Certo dia, a mãe de Matilde, que nas entrelinhas da palma da mão adivinhava as linhas com que se cosia o futuro, enxergando muito além dos sinais de envelhecimento dados pela pele enrugada em redor dos dedos, teve um sonho premonitório e não descansou enquanto não contou ao marido o seu significado. Nele, despertava aos arremessos de um sonho que a fizera sentir-se desconfortável, com a estranha sensação de que tinha dormido num banco de madeira pensando que se tinha deitado numa cama quente e fofa, estreando um jogo de lençóis de flanela no Inverno. No meio de um turbilhão de vozes, via-se envolvida por uma multidão, mantendo uma acesa discussão com pessoas que não conhecia mas que lhe apontavam a dedo defeitos que ela nem sabia ter. Acordou ouvindo a voz do marido, porém, desconhecendo se era consigo que ele falava ou se pelo contrário se dirigia a alguma das pessoas que estavam a assediá-la, decidiu ignorá-lo, mas só até senti-lo sacudir-lhe o braço como se quisesse certificar-se de que nenhuma delas lhe fizera mal e continuava viva. Assustada, interpretou o sonho como um aviso do que podia vir a suceder e, advertindo o marido para o perigo que corriam os três, instou-o a fazer as malas e a partirem o quanto antes, mas sem que ele ao fazê-lo esperasse ver, do lado onde deviam estar os amigos, alguém que quisesse despedir-se deles condignamente.
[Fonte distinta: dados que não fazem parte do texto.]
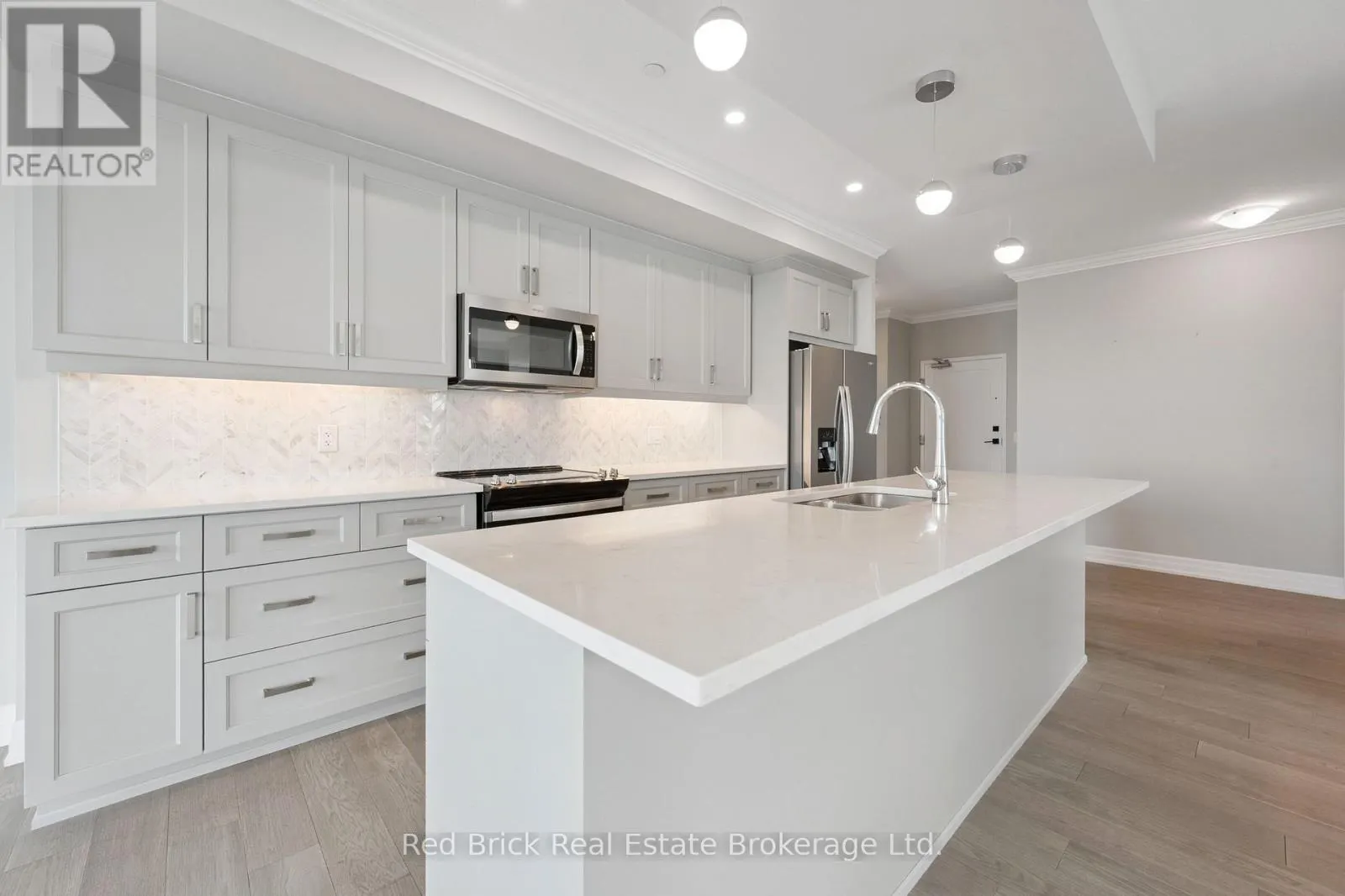 805 - 1880 GORDON STREET, #805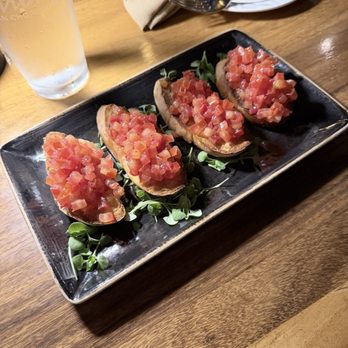 Citrone Italian Chophouse - Bruschetta - New American Near Me - Redlands, California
Faltavam escassos meses para a filha, que estava matriculada na escola, ingressar nas aulas e o Outono atingira o auge. As folhas de algumas árvores atapetavam o chão, e o maior indício de que o Verão trouxera temperaturas extremamente elevadas, era visível no mato ardido transformado em cinzas pelo anel de fogo desenhado em redor da aldeia, que queimara plantações e uma vastíssima área, sobretudo de pinheiros e eucaliptos, aniquilando a única fonte de rendimento dos madeireiros instalados que só quando plantavam novas árvores é que restituíam à terra um pouco da riqueza que dela extraíam. Nesta estação, era frequente, com o crepúsculo, ver o céu encarniçado ou ganhar tons rosáceos, mas nem que tal fosse um fenómeno raro, a mãe de Matilde o veria como um sinal de mudança da mentalidade das pessoas que a levasse a mudar de opinião. Estava decidida a abandonar aquela terra de pessoas maledicentes e facilmente convenceu o marido, que a princípio se mostrou reticente.

Partiriam rapidamente, em menos de dois dias, antes que ao tempo fosse dada a oportunidade de provar-lhe que ela estava errada nas suas conclusões. Jamais, por mais anos que residissem no meio daquela gente inculta mas pacífica, alguém lhes tocaria num fio do cabelo … ou pelo menos enquanto fosse vivo e pudesse influenciar as tomadas de decisão populares, o pároco residente, um jesuíta convicto da bondade de Cristo mas pouco ortodoxo nosso atos e que prezava como ninguém a liberdade de dizer o que lhe passava pela cabeça, achando que Deus estaria desatento nas ocasiões em que nem prestava mais atenção ao que os outros faziam.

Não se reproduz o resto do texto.